While the DRA intends to protect these privileged  
communications, the Applicants have acknowledged that the facts underlying such  
communications are not privileged. Thus, if material, such facts must be disclosed to the insurers.  
If these facts are not covered by the definition of “coverage reporting” in the DRA, they would  
still need to be disclosed to the insurers under the DRA as the DRA provides that it does not modify  
or restrict any obligations owed under the insurance policies.  
[185] Therefore, it is my view that the law regarding the duty of good faith does not assist the  
Non-DRA Insurers in this case.  
[186] In any event, I note that restrictions have regularly been imposed by the courts with respect  
to the information that can be provided to insurers in a situation of conflict of interest, and how  
such information should be provided, despite the existence of the duty of good faith. This confirms  
that there is no overriding right to litigation information that can be used without limit and for any  
purpose, no matter the circumstances. For instance, the Court of Appeal in Markham ordered that  
the handlers for coverage issues be different from the handlers for liability issues, and that the files  
of one handler could not be accessed by any other handler. See also Mori-Vines Inc. et al v.  
Northbridge General Insurance Corporation, 2017 ONSC 5718 at para. 100. Thus, the scope of  
the duty of disclosure can be affected by conflicts of interest. This recognizes, in my view, that  
the duty of good faith is a reciprocal one, and that an insurer cannot benefit from its conflicted  
position.  
[187] The Respondents rely on Coco Paving Inc. v. Willms & Shier Environmental Lawyers LLP,  
2019 ONSC 6857 (“Coco Paving”) for the proposition that there is a duty to disclose privileged  
information in that case, a memorandum prepared by counsel strategically assessing the insured’s  
defence to the insurer. In my view, Coco Paving does not apply to the circumstances of this  
case. Among other things:  
a. The motion judge found that the memorandum in issue was sent to the insurer  
pursuant to the insured’s instructions: para. 123. He also found that the lawyer did  
not divulge confidential information without instruction from the insured: para.  
106.  
Page: 53  
b. Coco Paving dealt with a situation where there was only one insurer, and that  
insurer had a duty to defend and was covering the defence costs. The motion judge  
found that both the insurer and the insured were clients of the lawyer, and the lawyer  
owed duties to both: paras. 100-101. Here, the Non-DRA Insurers are not going to  
be clients as they merely wish to associate in the defence, and not control/conduct  
the defence.  
c. The motion judge found that there was no conflict of interest in that case: para. 105.  
There were no coverage issues in Coco Paving, i.e. there were no issues as to  
whether the claims were covered under the policy. Further, there were no party-  
based conflicts (i.e. only one insured was involved in the litigation).  

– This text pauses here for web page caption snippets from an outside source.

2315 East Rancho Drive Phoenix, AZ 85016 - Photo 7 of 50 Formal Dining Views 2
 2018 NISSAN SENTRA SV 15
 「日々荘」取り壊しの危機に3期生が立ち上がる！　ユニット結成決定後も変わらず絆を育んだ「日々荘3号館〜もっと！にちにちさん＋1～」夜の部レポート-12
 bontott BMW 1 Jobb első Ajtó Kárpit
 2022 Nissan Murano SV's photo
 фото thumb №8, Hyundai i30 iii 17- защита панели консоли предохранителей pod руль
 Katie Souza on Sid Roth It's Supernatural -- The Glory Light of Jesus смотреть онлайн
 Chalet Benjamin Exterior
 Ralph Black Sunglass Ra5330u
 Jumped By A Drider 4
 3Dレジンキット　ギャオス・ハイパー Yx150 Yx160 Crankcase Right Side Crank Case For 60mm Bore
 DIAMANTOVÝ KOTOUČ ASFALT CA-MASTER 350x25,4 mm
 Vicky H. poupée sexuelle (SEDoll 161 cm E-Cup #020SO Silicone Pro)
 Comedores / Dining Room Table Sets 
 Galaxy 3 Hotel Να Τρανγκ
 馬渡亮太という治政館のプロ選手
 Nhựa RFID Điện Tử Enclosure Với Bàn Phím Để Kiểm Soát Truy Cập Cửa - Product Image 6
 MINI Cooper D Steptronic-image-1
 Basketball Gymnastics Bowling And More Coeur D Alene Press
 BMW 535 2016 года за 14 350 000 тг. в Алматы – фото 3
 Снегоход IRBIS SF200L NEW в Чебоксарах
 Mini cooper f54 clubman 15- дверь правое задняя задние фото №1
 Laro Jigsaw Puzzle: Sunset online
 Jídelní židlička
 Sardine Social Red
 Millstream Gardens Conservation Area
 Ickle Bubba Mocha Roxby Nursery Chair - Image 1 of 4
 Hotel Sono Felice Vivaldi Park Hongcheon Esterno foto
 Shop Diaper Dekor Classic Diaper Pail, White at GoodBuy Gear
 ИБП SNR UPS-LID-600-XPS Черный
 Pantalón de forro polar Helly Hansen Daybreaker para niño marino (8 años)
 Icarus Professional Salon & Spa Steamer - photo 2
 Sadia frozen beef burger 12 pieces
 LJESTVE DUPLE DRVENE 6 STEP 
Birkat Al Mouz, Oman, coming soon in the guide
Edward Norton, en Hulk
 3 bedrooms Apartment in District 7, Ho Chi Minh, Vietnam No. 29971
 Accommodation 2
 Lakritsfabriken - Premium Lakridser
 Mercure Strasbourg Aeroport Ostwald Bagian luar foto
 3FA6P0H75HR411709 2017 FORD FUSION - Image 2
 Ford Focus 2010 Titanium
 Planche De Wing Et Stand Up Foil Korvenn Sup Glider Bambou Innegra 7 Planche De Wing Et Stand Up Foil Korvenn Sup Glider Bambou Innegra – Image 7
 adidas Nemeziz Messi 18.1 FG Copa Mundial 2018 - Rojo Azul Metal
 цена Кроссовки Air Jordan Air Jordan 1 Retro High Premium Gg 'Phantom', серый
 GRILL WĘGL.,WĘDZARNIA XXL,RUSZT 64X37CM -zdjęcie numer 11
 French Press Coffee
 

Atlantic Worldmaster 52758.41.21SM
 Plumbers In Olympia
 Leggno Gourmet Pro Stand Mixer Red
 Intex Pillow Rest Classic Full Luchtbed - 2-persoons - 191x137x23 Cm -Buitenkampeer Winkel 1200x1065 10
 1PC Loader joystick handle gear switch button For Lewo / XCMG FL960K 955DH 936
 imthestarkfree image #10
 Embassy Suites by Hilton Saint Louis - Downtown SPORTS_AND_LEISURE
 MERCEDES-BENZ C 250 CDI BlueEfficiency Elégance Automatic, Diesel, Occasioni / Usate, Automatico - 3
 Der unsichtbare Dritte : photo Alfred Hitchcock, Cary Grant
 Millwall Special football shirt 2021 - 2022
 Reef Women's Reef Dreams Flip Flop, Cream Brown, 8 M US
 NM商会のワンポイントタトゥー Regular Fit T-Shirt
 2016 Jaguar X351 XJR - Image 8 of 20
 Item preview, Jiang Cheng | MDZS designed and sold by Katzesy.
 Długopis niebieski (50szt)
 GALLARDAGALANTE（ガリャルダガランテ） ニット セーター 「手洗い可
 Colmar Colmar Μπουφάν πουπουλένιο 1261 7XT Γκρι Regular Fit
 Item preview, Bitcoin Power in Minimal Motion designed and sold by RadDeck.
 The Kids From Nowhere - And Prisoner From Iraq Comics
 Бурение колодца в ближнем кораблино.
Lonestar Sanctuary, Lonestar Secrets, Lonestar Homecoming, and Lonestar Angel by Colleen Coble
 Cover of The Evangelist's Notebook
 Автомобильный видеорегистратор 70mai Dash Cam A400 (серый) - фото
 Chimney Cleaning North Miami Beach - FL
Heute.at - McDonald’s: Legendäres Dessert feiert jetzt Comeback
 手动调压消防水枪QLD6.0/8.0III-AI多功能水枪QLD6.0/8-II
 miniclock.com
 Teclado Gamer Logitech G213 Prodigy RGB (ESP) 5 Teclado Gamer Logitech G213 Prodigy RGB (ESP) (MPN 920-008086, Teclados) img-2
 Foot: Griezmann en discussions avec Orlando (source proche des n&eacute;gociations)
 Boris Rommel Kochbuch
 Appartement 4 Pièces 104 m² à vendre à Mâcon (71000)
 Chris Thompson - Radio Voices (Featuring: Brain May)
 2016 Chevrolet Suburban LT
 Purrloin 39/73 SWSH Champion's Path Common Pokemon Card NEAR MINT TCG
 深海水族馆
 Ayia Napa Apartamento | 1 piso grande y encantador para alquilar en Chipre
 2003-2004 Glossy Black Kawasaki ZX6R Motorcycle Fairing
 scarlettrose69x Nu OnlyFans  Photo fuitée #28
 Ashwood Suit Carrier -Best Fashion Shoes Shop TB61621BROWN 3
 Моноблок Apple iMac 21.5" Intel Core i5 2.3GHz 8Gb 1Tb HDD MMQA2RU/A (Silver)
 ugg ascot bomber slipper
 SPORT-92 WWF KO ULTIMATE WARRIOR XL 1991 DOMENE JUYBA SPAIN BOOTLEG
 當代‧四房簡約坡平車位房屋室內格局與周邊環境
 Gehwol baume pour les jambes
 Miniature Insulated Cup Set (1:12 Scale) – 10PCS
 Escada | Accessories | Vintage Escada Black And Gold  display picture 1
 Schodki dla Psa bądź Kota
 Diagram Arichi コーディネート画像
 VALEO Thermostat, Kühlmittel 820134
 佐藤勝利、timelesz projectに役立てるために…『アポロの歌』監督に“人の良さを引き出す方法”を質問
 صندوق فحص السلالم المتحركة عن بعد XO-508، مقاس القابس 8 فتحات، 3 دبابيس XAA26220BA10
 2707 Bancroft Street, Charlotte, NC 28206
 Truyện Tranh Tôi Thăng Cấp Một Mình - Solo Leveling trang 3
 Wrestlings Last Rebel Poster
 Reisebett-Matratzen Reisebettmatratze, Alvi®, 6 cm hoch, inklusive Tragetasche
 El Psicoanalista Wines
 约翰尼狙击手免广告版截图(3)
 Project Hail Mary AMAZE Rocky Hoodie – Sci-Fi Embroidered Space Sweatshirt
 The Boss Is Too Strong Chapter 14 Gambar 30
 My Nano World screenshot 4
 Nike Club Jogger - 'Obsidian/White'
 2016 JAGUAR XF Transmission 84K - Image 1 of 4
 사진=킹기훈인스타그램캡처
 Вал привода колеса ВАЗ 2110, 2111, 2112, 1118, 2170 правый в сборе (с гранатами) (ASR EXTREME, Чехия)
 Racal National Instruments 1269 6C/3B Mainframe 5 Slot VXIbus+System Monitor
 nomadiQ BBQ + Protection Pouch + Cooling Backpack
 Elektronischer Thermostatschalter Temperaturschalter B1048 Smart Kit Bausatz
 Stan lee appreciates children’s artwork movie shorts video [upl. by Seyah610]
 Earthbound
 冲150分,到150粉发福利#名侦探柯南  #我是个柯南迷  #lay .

[188] In light of the foregoing and the conflicts of interest in this case, I conclude that it is  
appropriate for the DRA to require “split-handling” between coverage and defence, and to provide  
for different levels of disclosure for each activity. I reiterate that the DRA expressly states that it  
does not modify or restrict any obligations owed under the insurance policy. Thus, in certain  
circumstances, the insured may need to “beef up” its coverage-side reporting so as to meet its  
obligation to cooperate and its duty of good faith. However, it is not possible to determine in the  
abstract when this might be required.  
[189] This leads me to the issue of whether the ethical screens or split-file protocols proposed by  
the Non-DRA Insurers are adequate.  
g. Adequacy of the ethical screens proposed by the Non-DRA Insurers  
[190] All the Non-DRA Insurers have implemented ethical screens to deal with party-based  
conflicts since they insure more than one defendant in the Underlying Claims. QBE, Markel and  
AIG have not implemented ethical screens to deal with coverage-based conflicts.9 For the reasons  
stated above, they must do so in order to alleviate the reasonable apprehension of conflict of  
interests outlined above. In addition to splitting its internal files between insureds, Chubb has  
implemented split-handling between coverage and defence, but only at the handler level. The  
sufficiency and adequacy of the ethical screens/split-file protocols implemented by the Non-DRA  
Insurers are disputed by the Applicants.  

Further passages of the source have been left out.